**PROBLEM TO WORK ON:** Quote the whole listing exactly. Leave the pictures out of your copy.

[[ DATA SUPPLIED open ]]

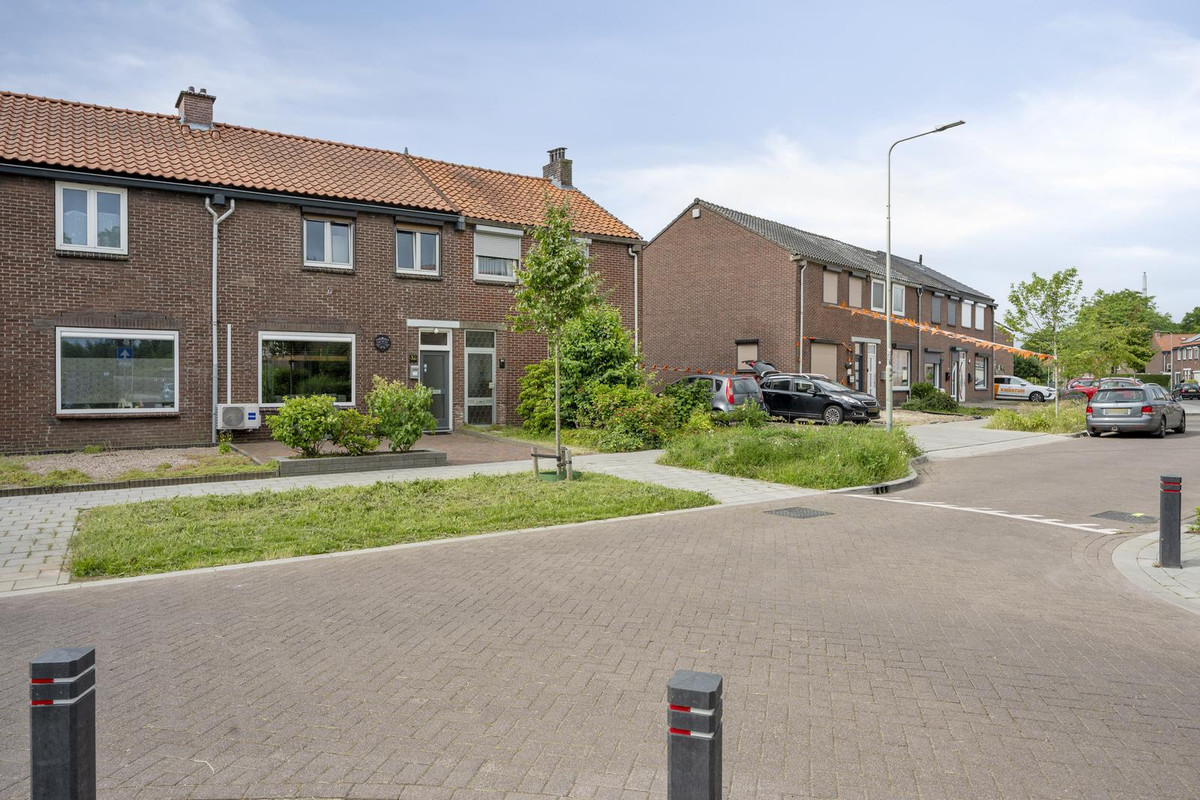 Tussenwoning te koop: Gladiolensingel 32, Geleen
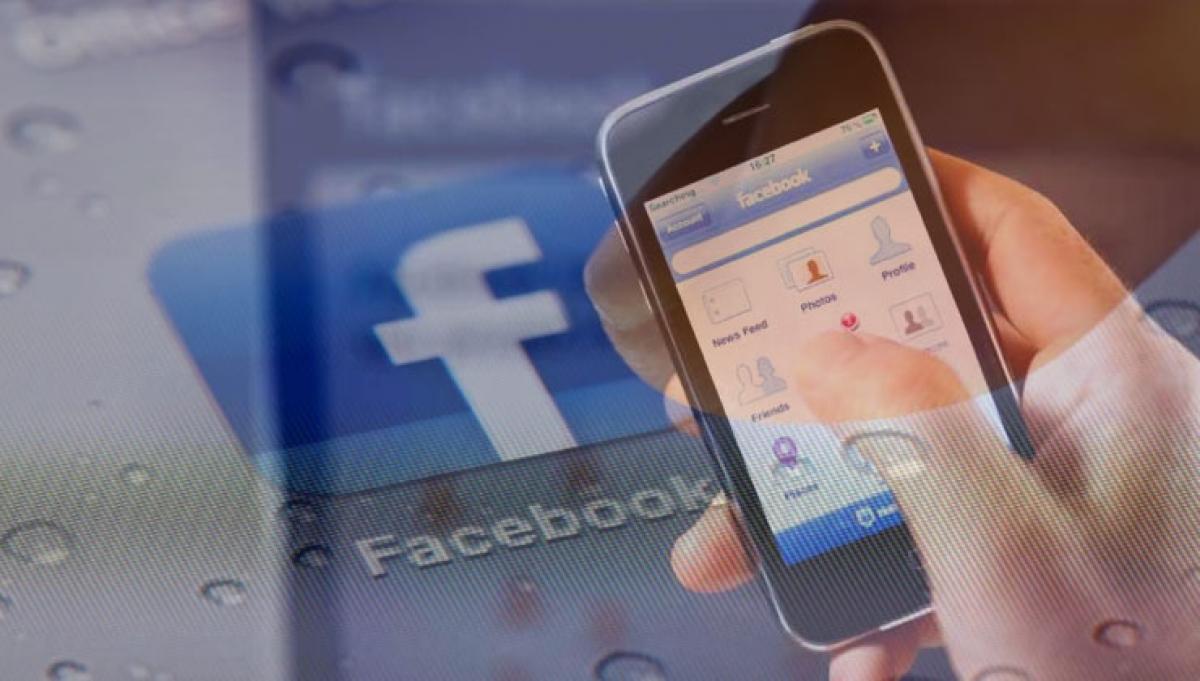 Facebook holds top two spots in US app market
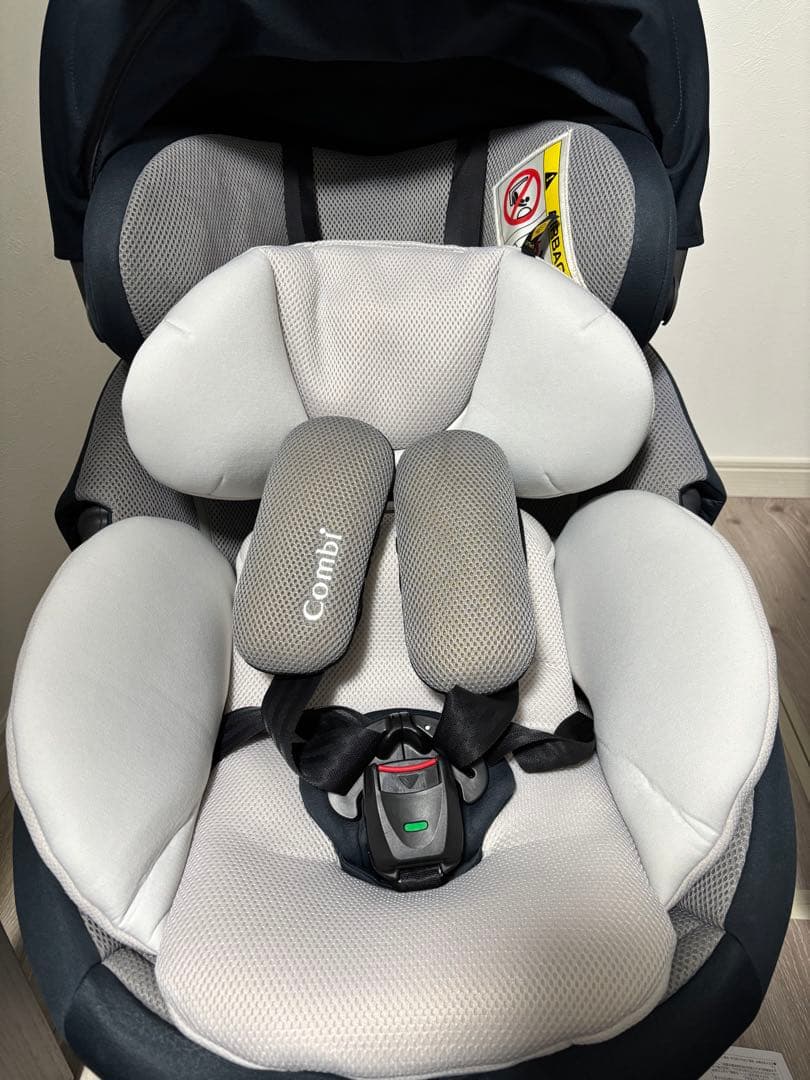 Combi THE S ISOFIX チャイルドシート　ネイビー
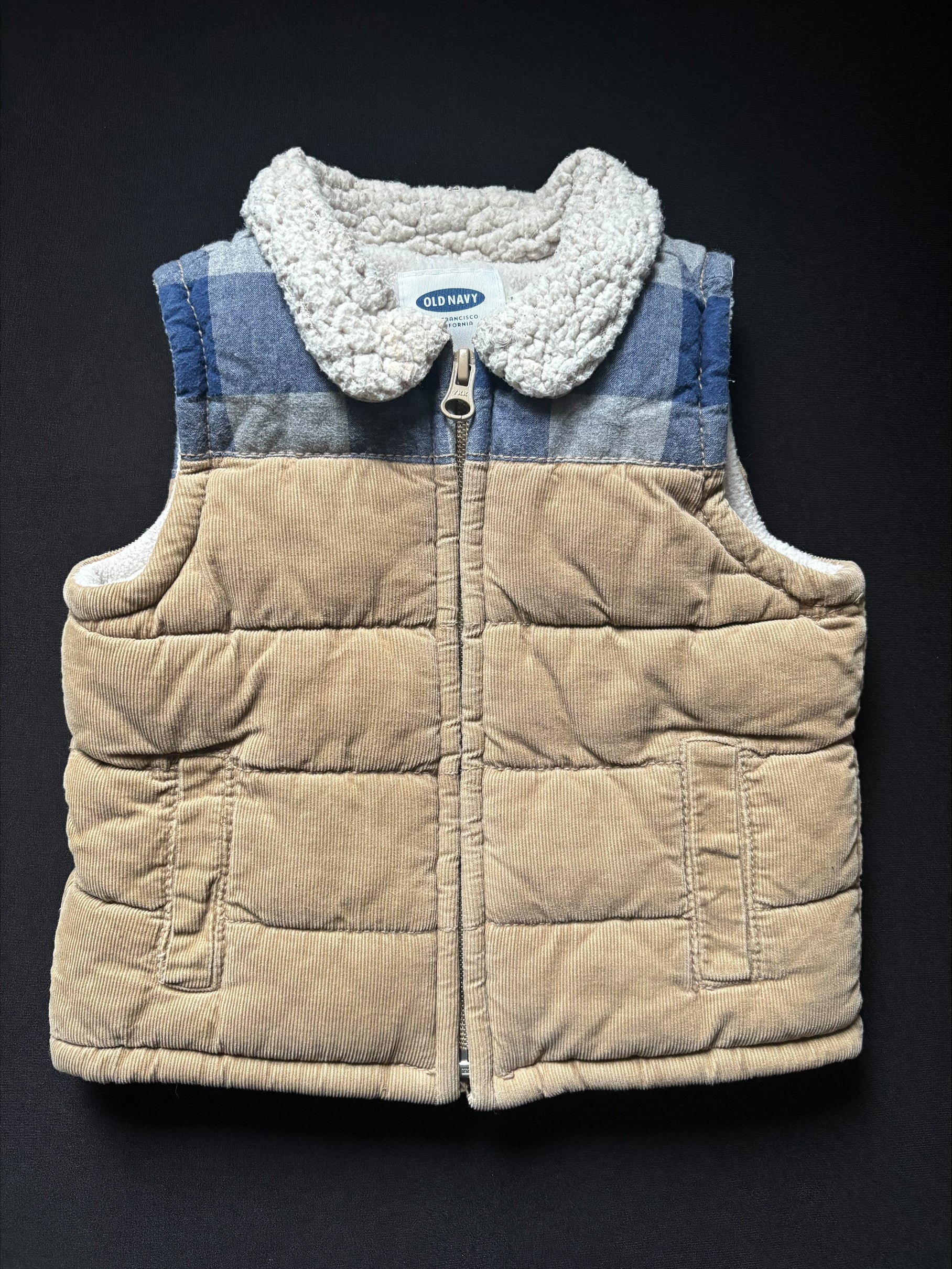 Manteau sans manche, 12-18 mois OLD NAVY (mini tâche sur le collet) (2489)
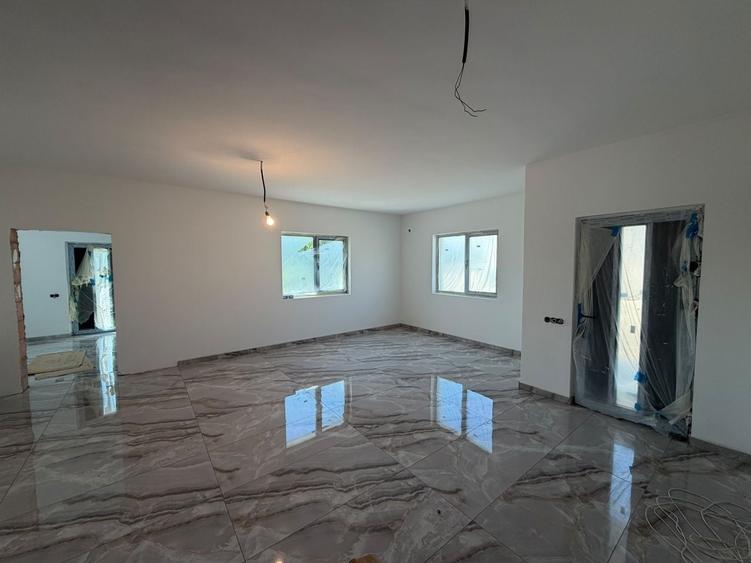 Casă cu 4 camere în Dragomirești-Vale
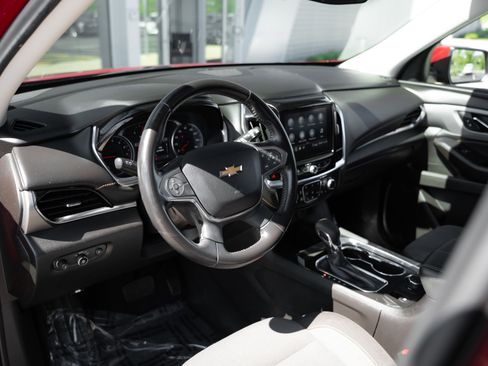 Used 2021 Chevrolet Traverse LT AWD/4WD image 10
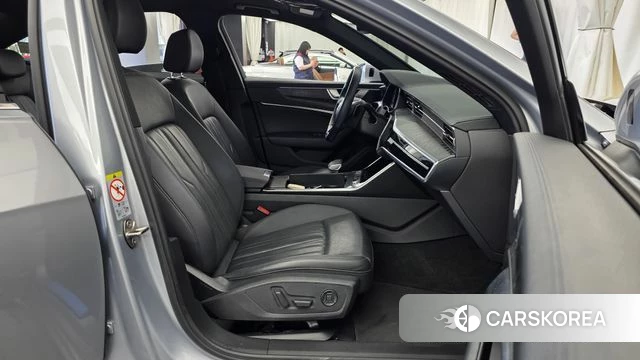 Audi A6 (C8) 2020 Серебряный из Кореи, фото 2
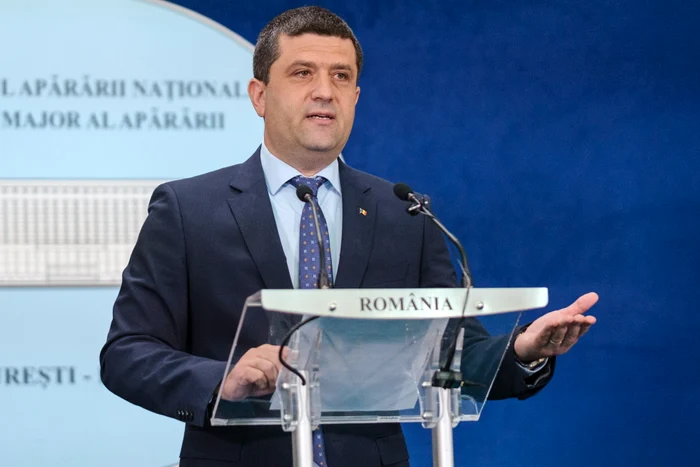 Radu Miruță: Scufundarea barjelor, soluţie de avarie pentru menţinerea Reactorului 2 de la Cernavodă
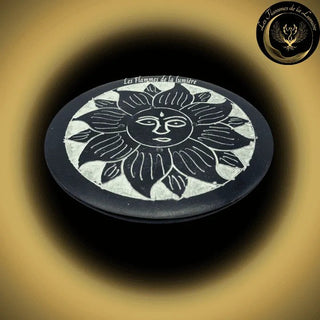Saponite - Très beau Porte-Encens - Soleil - 10cm disponible chez Les Flammes de la Lumière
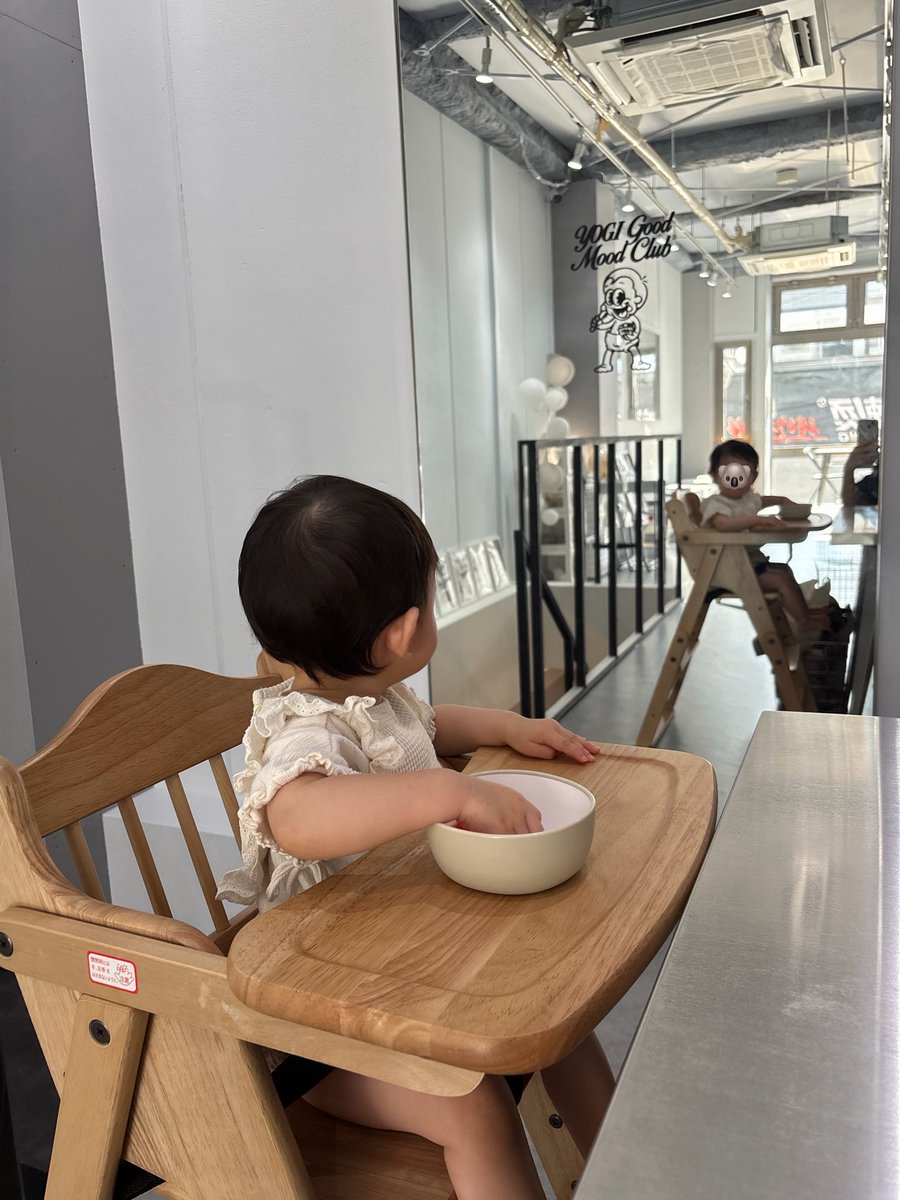 naamru25's tweet photo. 鏡で自分のお顔見ながら食べててかわいすぎた🍓 https://t.co/1KQdKiTKkY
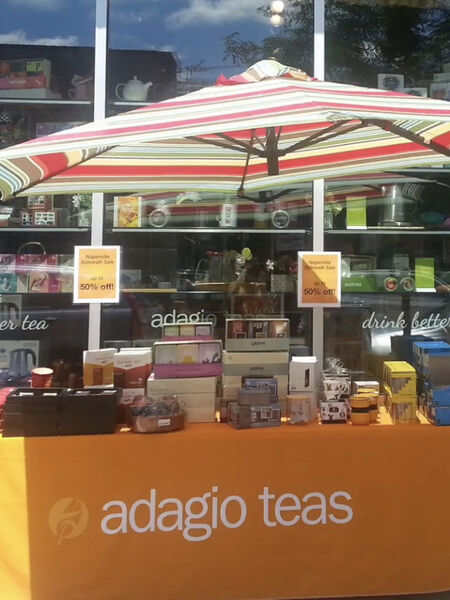 Make the most of sidewalk traffic!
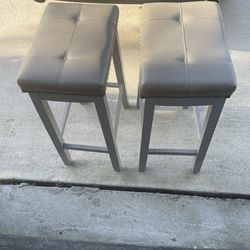 2 bar stool-grey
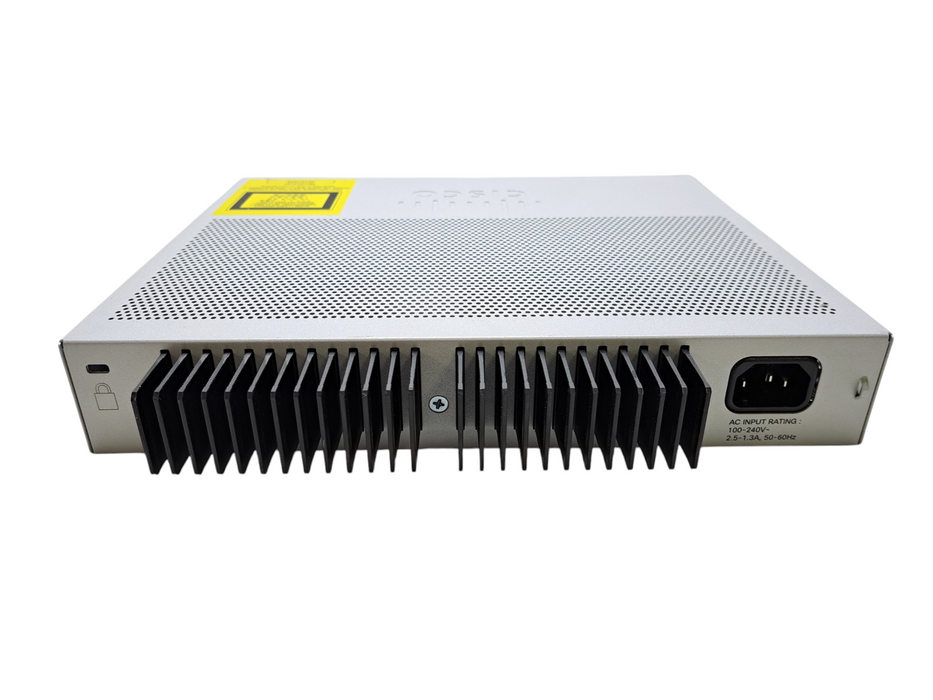 Cisco WS-C2960L-8PS-LL | 8-Port Gigabit PoE+ 2x SFP Silent Managed Switch )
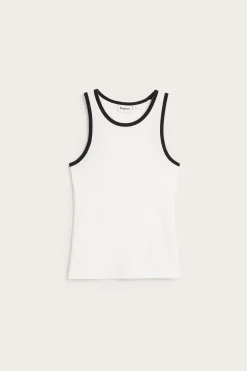 Ribbet singlet med kontrastkanter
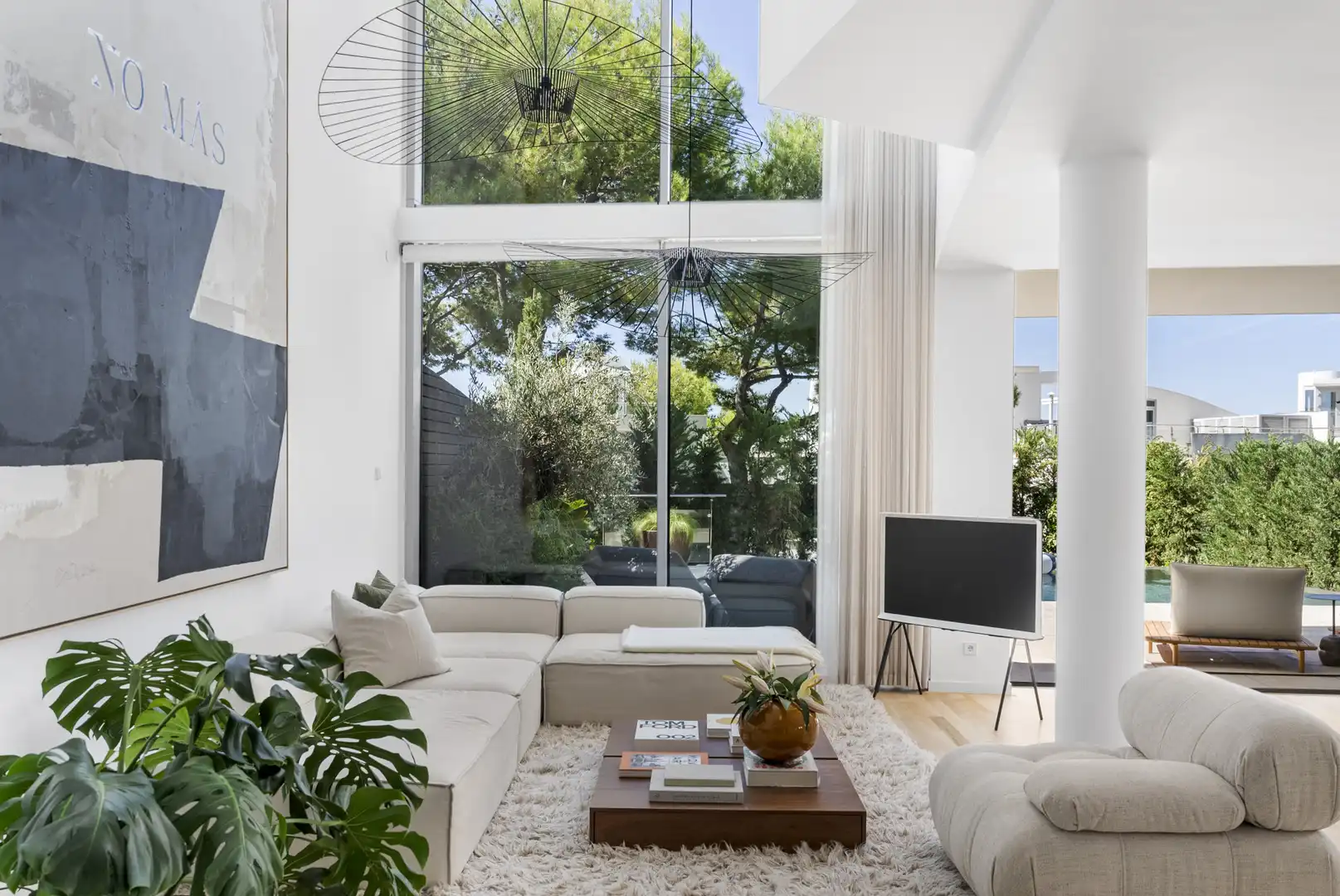 Living room of Detached homes for sale in Marbella  with Air Conditioner, Terrace and Swimming Pool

[[ DATA SUPPLIED closed ]]

**SOLUTION TO THIS EXERCISE:**
 Tussenwoning te koop: Gladiolensingel 32, Geleen
 Facebook holds top two spots in US app market
 Combi THE S ISOFIX チャイルドシート　ネイビー
 Manteau sans manche, 12-18 mois OLD NAVY (mini tâche sur le collet) (2489)
 Casă cu 4 camere în Dragomirești-Vale
 Used 2021 Chevrolet Traverse LT AWD/4WD image 10
 Audi A6 (C8) 2020 Серебряный из Кореи, фото 2
 Radu Miruță: Scufundarea barjelor, soluţie de avarie pentru menţinerea Reactorului 2 de la Cernavodă
Saponite - Très beau Porte-Encens - Soleil - 10cm disponible chez Les Flammes de la Lumière
 naamru25's tweet photo. 鏡で自分のお顔見ながら食べててかわいすぎた🍓 https://t.co/1KQdKiTKkY
 Make the most of sidewalk traffic!
 2 bar stool-grey
 Cisco WS-C2960L-8PS-LL | 8-Port Gigabit PoE+ 2x SFP Silent Managed Switch )
 Ribbet singlet med kontrastkanter
 Living room of Detached homes for sale in Marbella  with Air Conditioner, Terrace and Swimming Pool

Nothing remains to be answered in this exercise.